January 23rd, 2013 | 12:22 pm
It would be if I supported the Ryan plan. I don’t. I’m touched that you take me to be the fount of conservative orthodoxy though.
January 23rd, 2013 | 12:25 pm
There is also the argument that its slot easier to buy an annuity on your own with savings than it is to plan for medical emergencies. The legitimacy of Medicare is for me at least far greater than it is for a ponzi savings scheme.
January 23rd, 2013 | 1:36 pm
DJF, for older voters “socialism” still get a bad reaction. From younger voters not so much. It still wouldn’t be a good idea for Obama to go around calling himself a socialist but it gives some idea of how less negative “liberal” is and how the switch to “progresive” wasn’t that big a deal in terms of winning voters over. Where it is important is that it indicates they were at least interested in trying to win over people who were turned off by the Democratic party.

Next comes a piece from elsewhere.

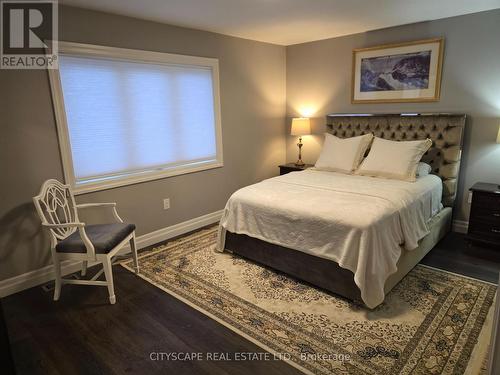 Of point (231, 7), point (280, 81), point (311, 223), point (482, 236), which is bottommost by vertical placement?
point (482, 236)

Peter, I do think that statist individualism is Obama’s bottom line, but no entitlement reform = much higher taxes + more centralized direction of health care resources. There was also an impled argument for greater discretionary spending and greater subsidies for green energy companies in there. It sounds defensive because he wants it to sound defensive but it is an implied argument for much higher taxes and much more direct government direction of the economy than we have now. Whether he or his successors get that… It was tough enough raising the rates on high earners
On the other hand, I would just note that, in a crisis, it is easier to increase taxes and make centralized cuts to Medicare than to phase-in the kind of reforms that Ryan might want.
January 23rd, 2013 | 5:32 pm
I would add that Ryan isn’t proposing a new welfare state program either like Obama is. It’s a lot different to argue that the money has run out we need to cut back than it is to say we want to spend that money we promised you on something else.